# Luther's "One Little Word"



## KenPierce (Dec 11, 2006)

In "A Mighty Fortress," Luther wrote the line:

The prince of darkness grim, we tremble not for him.
His rage we can endure, for lo his doom is sure.
One little word shall fell him.

That word, above all earthly powers, no thanks to them abideth.

I have puzzled over that for a long time. Is Luther speaking metaphorically there, using the phrase "one little Word" for the Scriptures (or perhaps for Christ himself?).

Or, what are some other possibilities? Sometimes I have thought that he, in the first instance, is talking about the word "tetelestai," though I have no grounds for that.

Thoughts?


----------



## MrMerlin777 (Dec 11, 2006)

Just my opinion, I tend to believe that he is speaking metaphorically of Christ himself here. However, it could be the one (Christ), the other (the Scriptures), or both.


----------



## Contra_Mundum (Dec 11, 2006)

Donald may be exactly right, one little (seeming) Word shall fell him--Christ and his work of the cross destroys the work of Satan.
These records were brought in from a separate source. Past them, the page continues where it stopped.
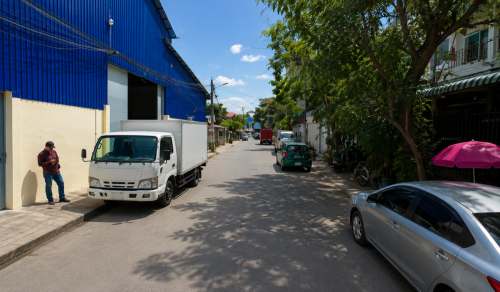 ឃ្លាំងកែងជួលខណ្ឌចំការមន | Corner Warehouse For Rent CHAMKAMORN ( 1100sqm )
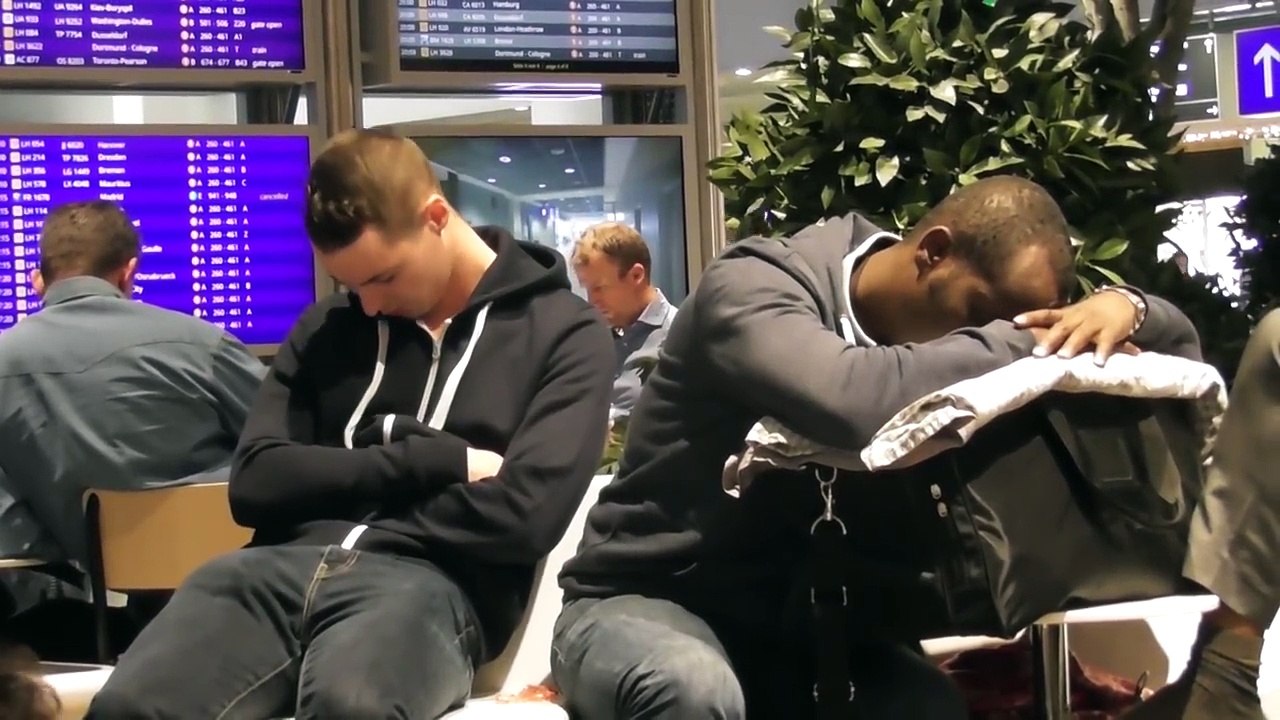 EINSCHLAFEN PRANK am FLUGHAFEN + POLIZEI | PvP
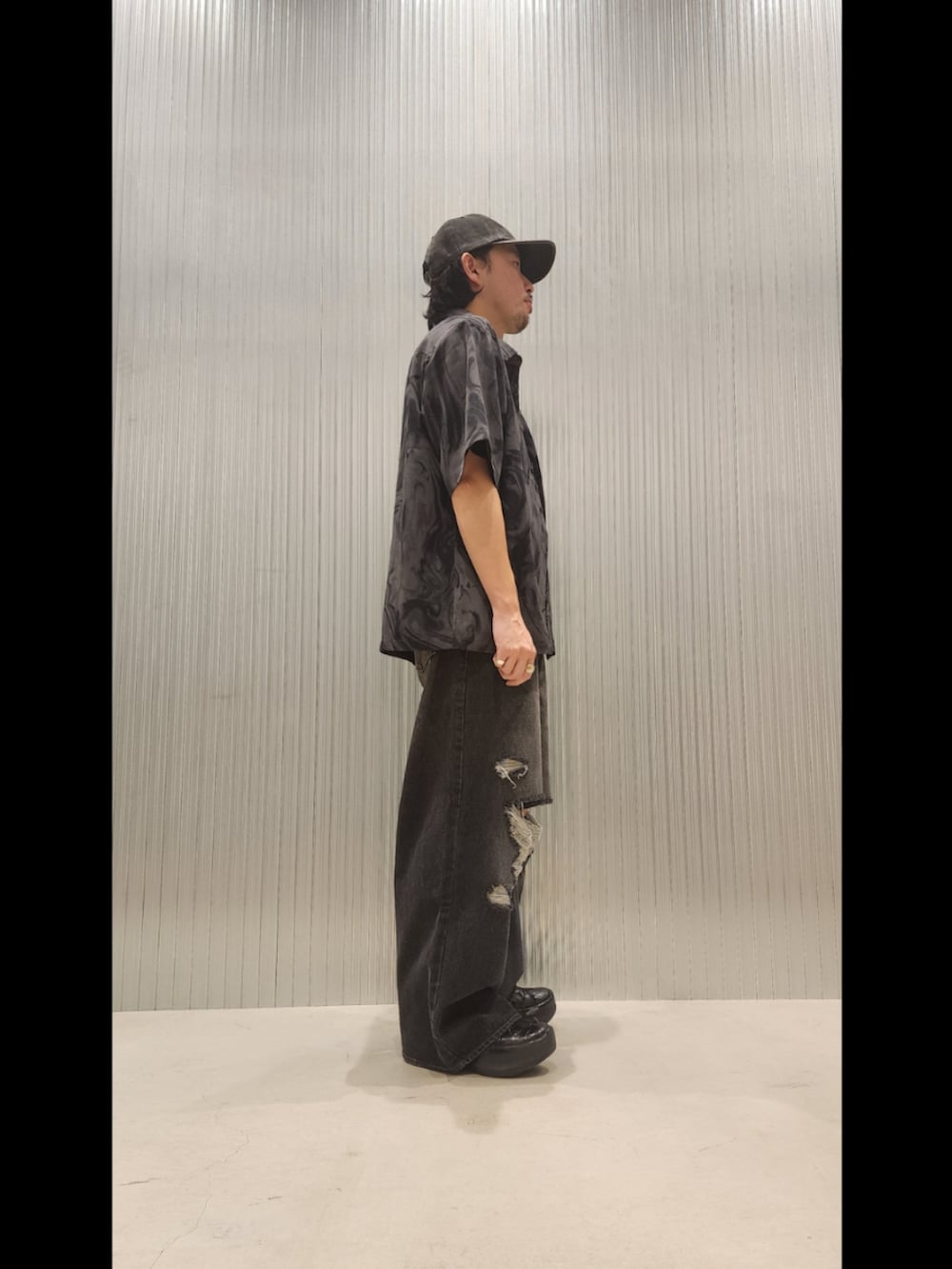 ブラック系のシャツ/ブラウス、その他のTシャツ/カットソー、ブラック系のデニムパンツを着用したメンズの春コーディネートの3枚目の写真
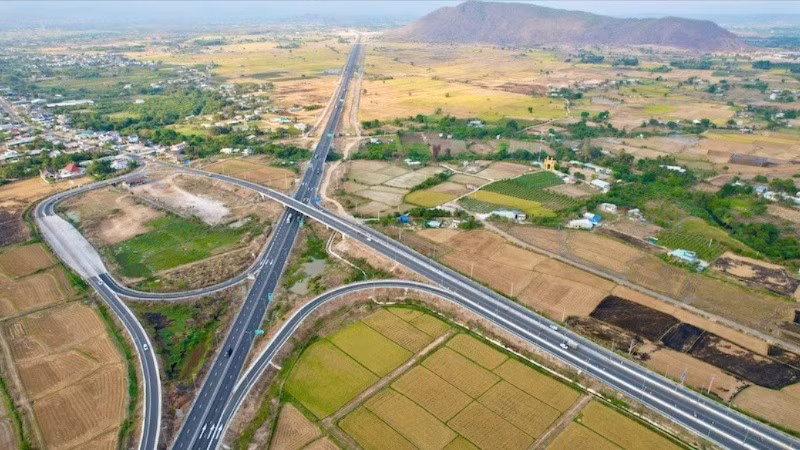 Cao tốc Vĩnh Hảo-Phan Thiết.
Or _that_ Word above all earthly powers no thanks to them abideth, the indestructible Scripture is enough resistance to make the Devil flee.

Or "he shall slay him with the _breath of his mouth_" (2 Thes. 2:8). One word.


----------



## VirginiaHuguenot (Dec 14, 2006)

Is there a theological difference between the two German words that are used?

Ein *Wörtlein* kann ihn fällen.

Das *Wort* sie sollen lassen stahn


----------